[Task to carry out]: Print the data exactly. Omit the pictures.

Collected data:
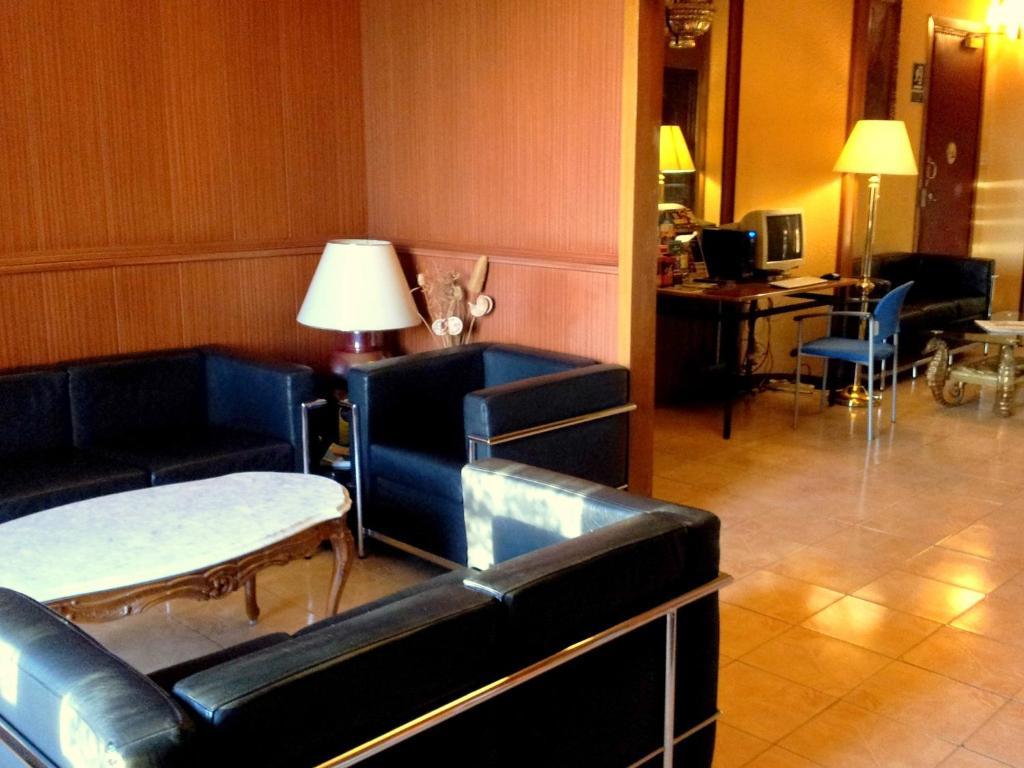 Hotel Toledano Ramblas Barcelona Exterior photo
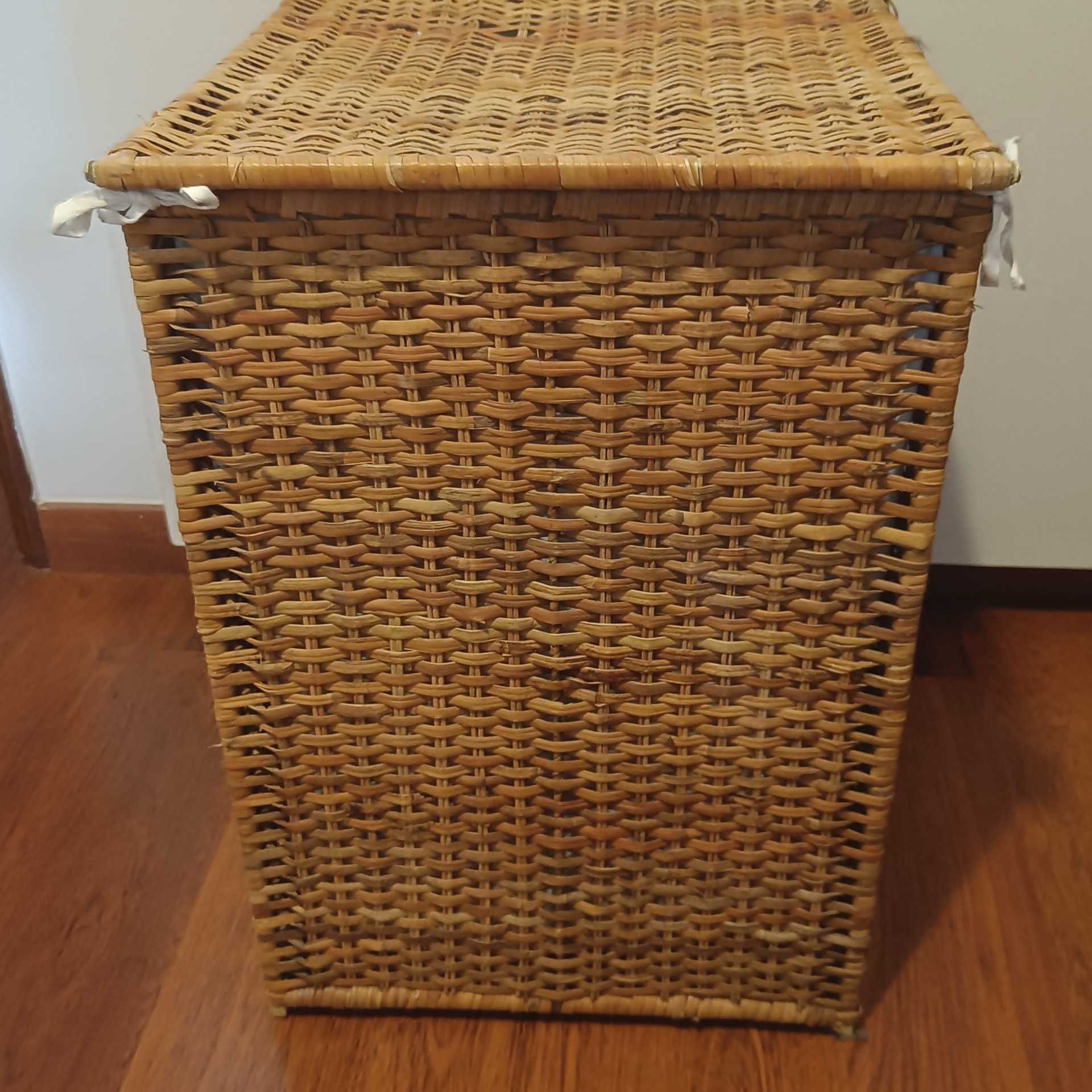 Cesto de roupa suja IKEA BRANÄS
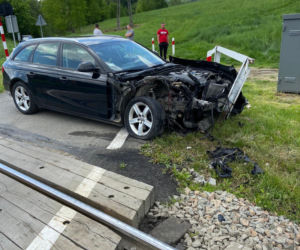 Wjechał wprost pod pociąg i odbił się od lokomotywy! Nagłe hamowanie zapobiegło tragedii 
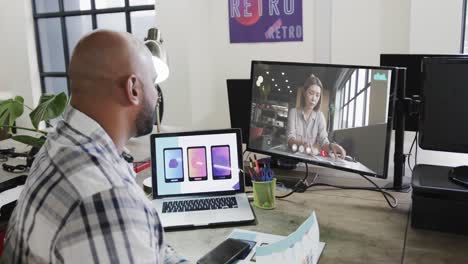 hombre de negocios afroamericano en videollamada con una colega caucásica en la pantalla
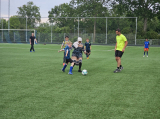 Laatste training S.K.N.W.K. JO10-1 (partijtje tegen de ouders) van woensdag 22 mei 2024 (101/133)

[Solved problem]:
 Hotel Toledano Ramblas Barcelona Exterior photo
 Cesto de roupa suja IKEA BRANÄS
 Wjechał wprost pod pociąg i odbił się od lokomotywy! Nagłe hamowanie zapobiegło tragedii 
 hombre de negocios afroamericano en videollamada con una colega caucásica en la pantalla
 Laatste training S.K.N.W.K. JO10-1 (partijtje tegen de ouders) van woensdag 22 mei 2024 (101/133)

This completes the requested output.